The computer system 900 may further include a video display unit 910 (e.g., a Liquid Crystal Display (LCD) or a Cathode Ray Tube (CRT)). The computer system 900 also includes an alphanumeric input device 917 (e.g., a keyboard), a user interface (UI) navigation device 911 (e.g., a mouse), a disk drive unit 916, a signal generation device 918 (e.g., a speaker) and a network interface device 920. The disk drive unit 916 further includes machine readable medium 922 having instructions 925 for storing and controlling the machine readable medium 922.
Additionally, the computer system 900 includes a niche market finder module 930 implementing functions to retrieve and store information related to sales of products, as well as information related to sellers. The functions further identify a niche market by analysis of the supply and demand for the various products and items retrieved. The niche market finder module 930 also functions to identify sellers for identified niche markets.

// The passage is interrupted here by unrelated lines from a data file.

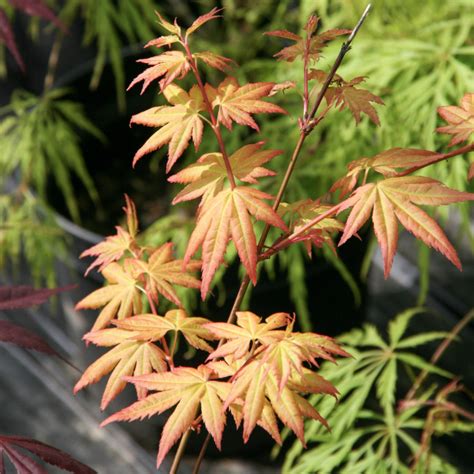 Acer Palmatum Orange Dream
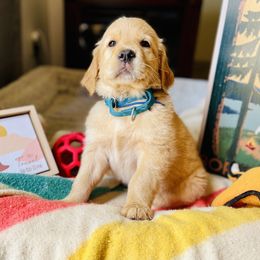 Golden Retriever Puppies from TaylerMade Goldens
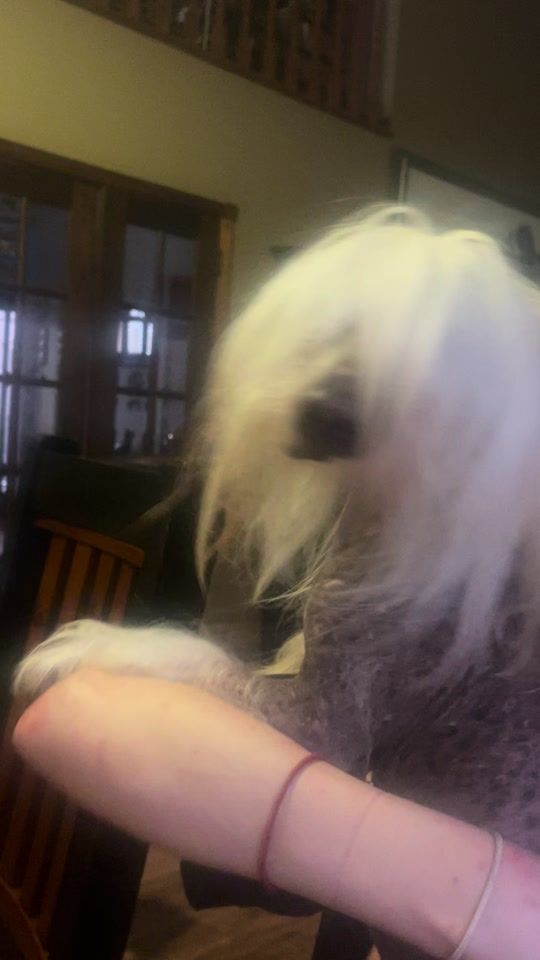 TikTok video thumbnail by hjog416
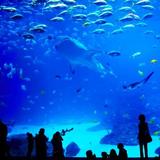 Downtown Aquarium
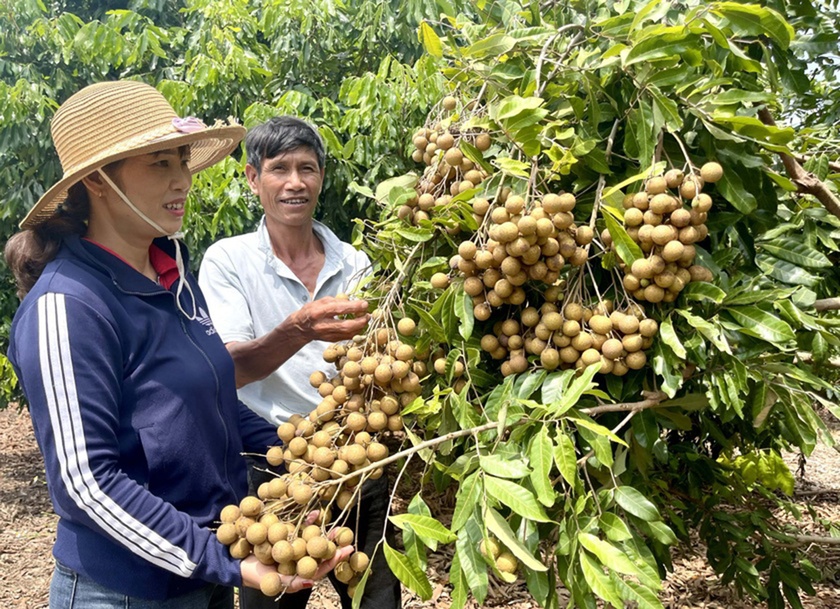 Phát triển cây ăn quả: Lĩnh vực nhiều tiềm năng  ảnh 2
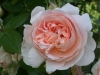 Ambridge Rose®, David Austin 1990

The niche market finder module 930 may implement any of the methods, functions, apparatus, and processing discussed herein. The niche market finder module 930 transforms sales data and other sales-related information into niche market indicators, as well as seller indicators. In one embodiment, niche market indicators are reflected in a list of products within the niche market, and seller indicators are reflected in a list of sellers to facilitate the niche market.
Certain embodiments are described herein as including logic or a number of components, modules, or mechanisms. A component may be any tangible unit capable of performing certain operations and may be configured or arranged in a certain manner. In example embodiments, one or more computer systems (e.g., a standalone, client or server computer system) or one or more components of a computer system (e.g., a processor or a group of processors) may be configured by software (e.g., an application or application portion) as a component that operates to perform certain operations as described herein.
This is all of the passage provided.